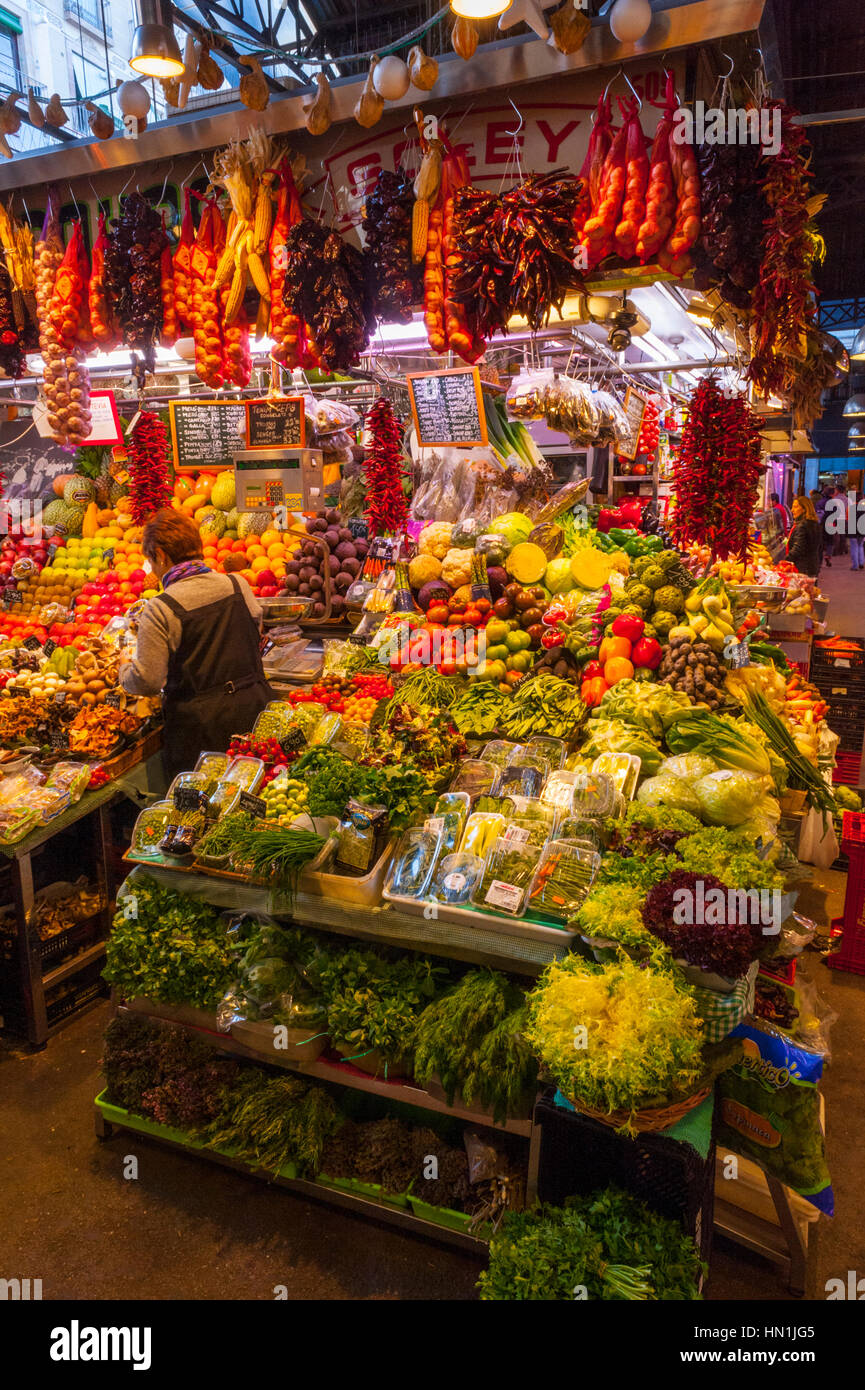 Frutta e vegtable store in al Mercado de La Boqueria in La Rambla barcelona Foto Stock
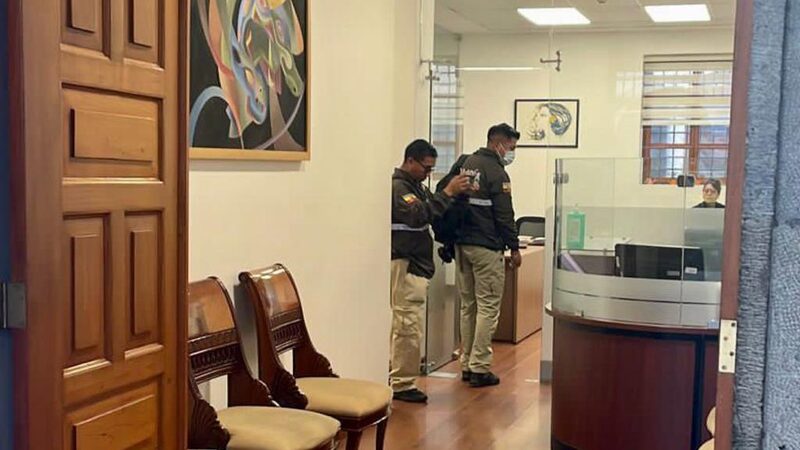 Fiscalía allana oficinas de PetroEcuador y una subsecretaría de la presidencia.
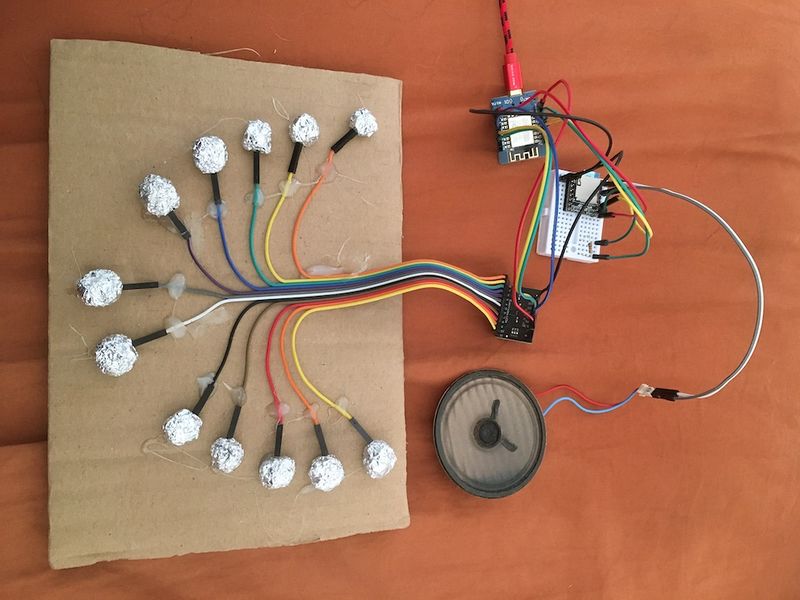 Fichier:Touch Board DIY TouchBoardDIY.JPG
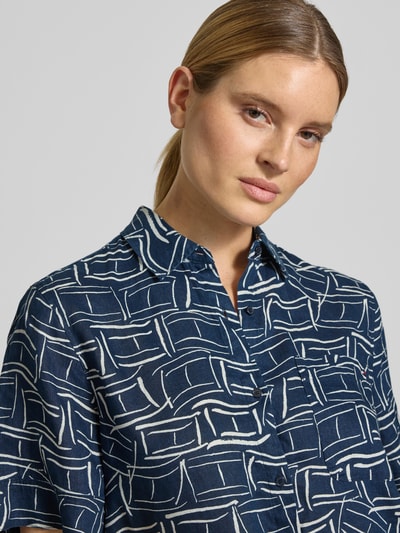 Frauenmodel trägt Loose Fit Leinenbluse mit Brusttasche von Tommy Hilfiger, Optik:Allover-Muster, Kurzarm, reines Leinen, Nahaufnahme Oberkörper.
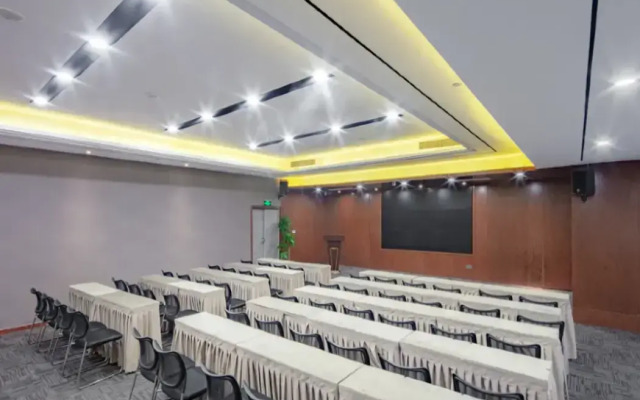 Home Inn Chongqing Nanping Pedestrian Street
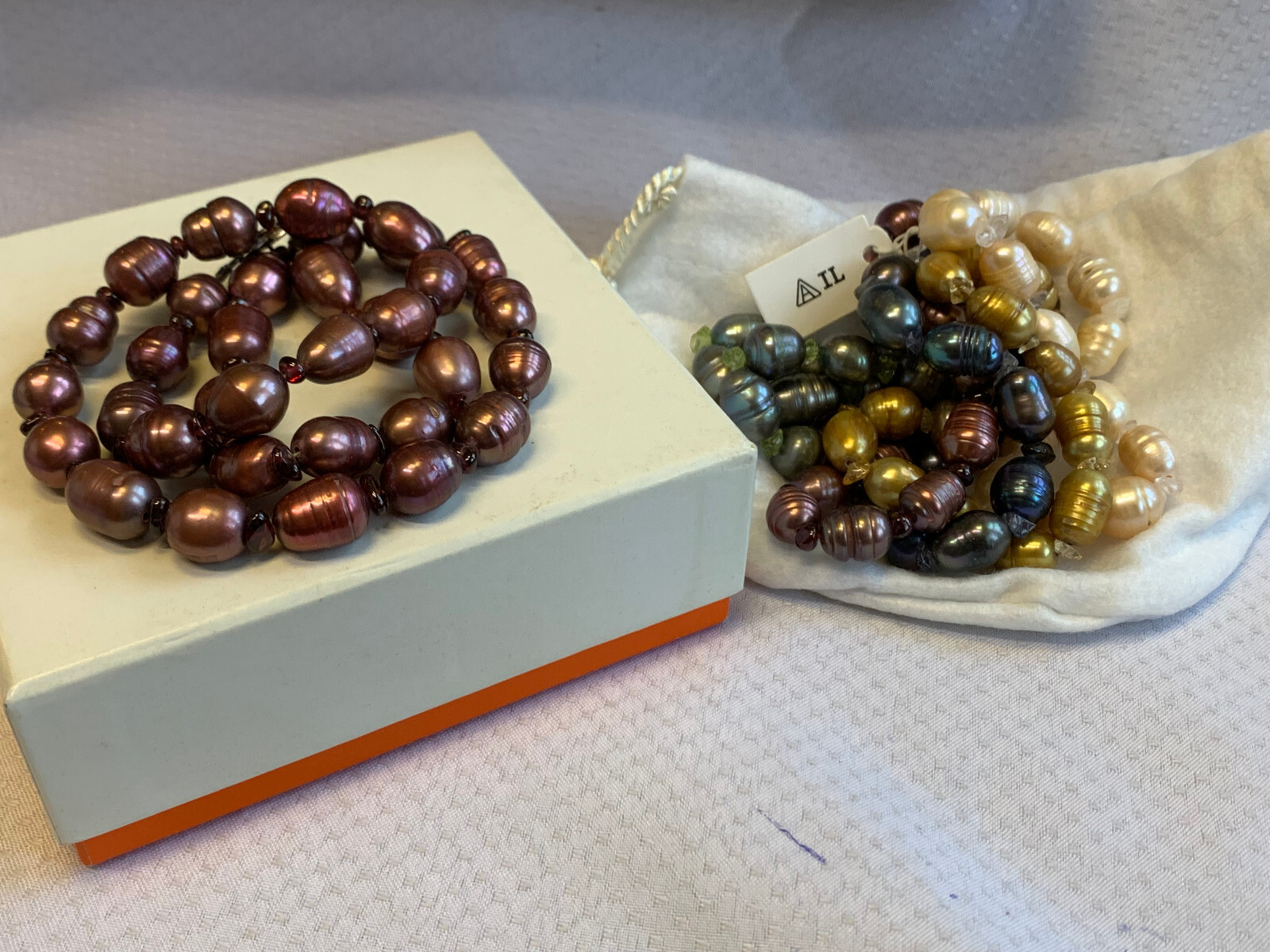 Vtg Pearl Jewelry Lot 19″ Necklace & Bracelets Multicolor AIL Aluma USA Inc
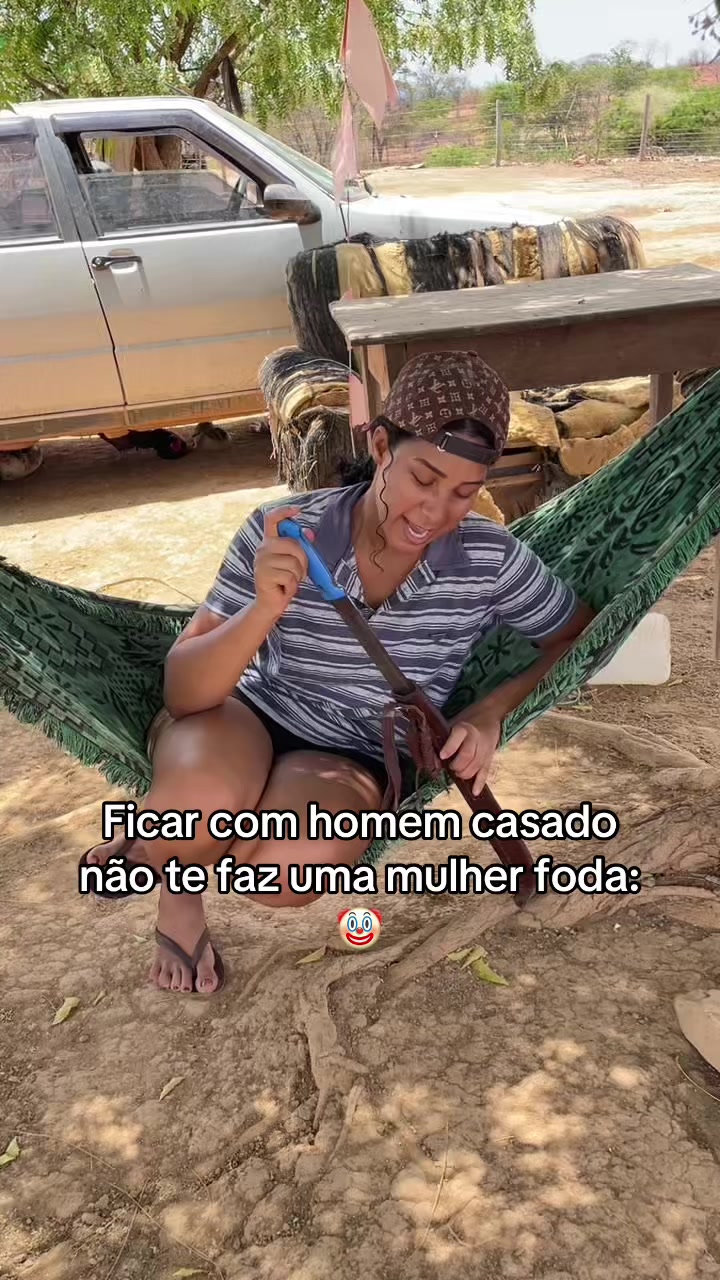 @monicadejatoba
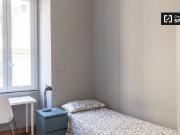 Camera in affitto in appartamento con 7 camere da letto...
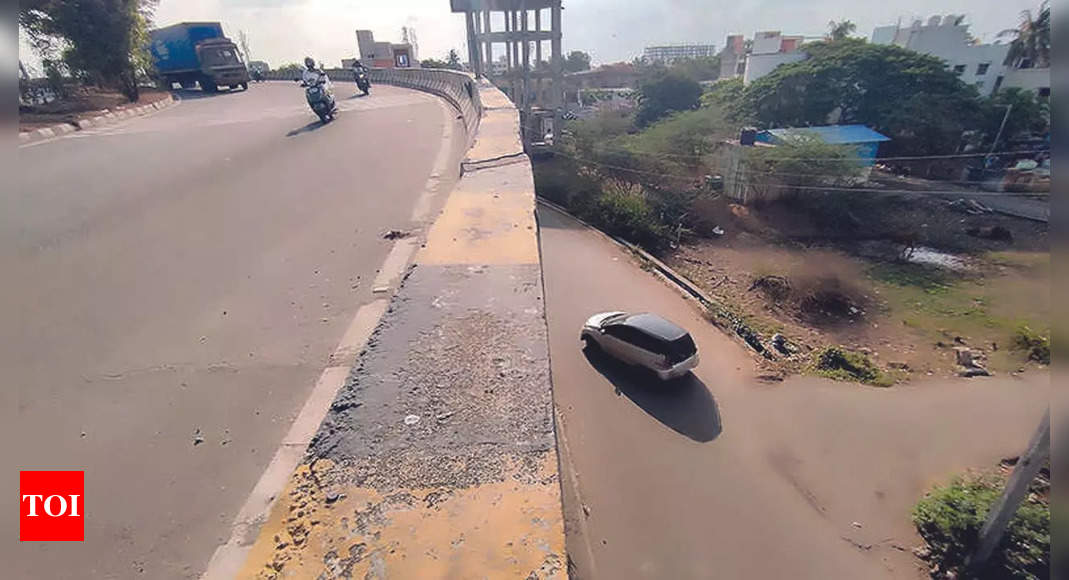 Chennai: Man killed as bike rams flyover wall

- _How to complete this task_
If a line holds a picture, skip the picture and transcribe the rest of the material exactly.

- _Solved problem_
 Frutta e vegtable store in al Mercado de La Boqueria in La Rambla barcelona Foto Stock
 Fiscalía allana oficinas de PetroEcuador y una subsecretaría de la presidencia.
 Fichier:Touch Board DIY TouchBoardDIY.JPG
 Frauenmodel trägt Loose Fit Leinenbluse mit Brusttasche von Tommy Hilfiger, Optik:Allover-Muster, Kurzarm, reines Leinen, Nahaufnahme Oberkörper.
 Home Inn Chongqing Nanping Pedestrian Street
 Vtg Pearl Jewelry Lot 19″ Necklace & Bracelets Multicolor AIL Aluma USA Inc
 @monicadejatoba
 Camera in affitto in appartamento con 7 camere da letto...
 Chennai: Man killed as bike rams flyover wall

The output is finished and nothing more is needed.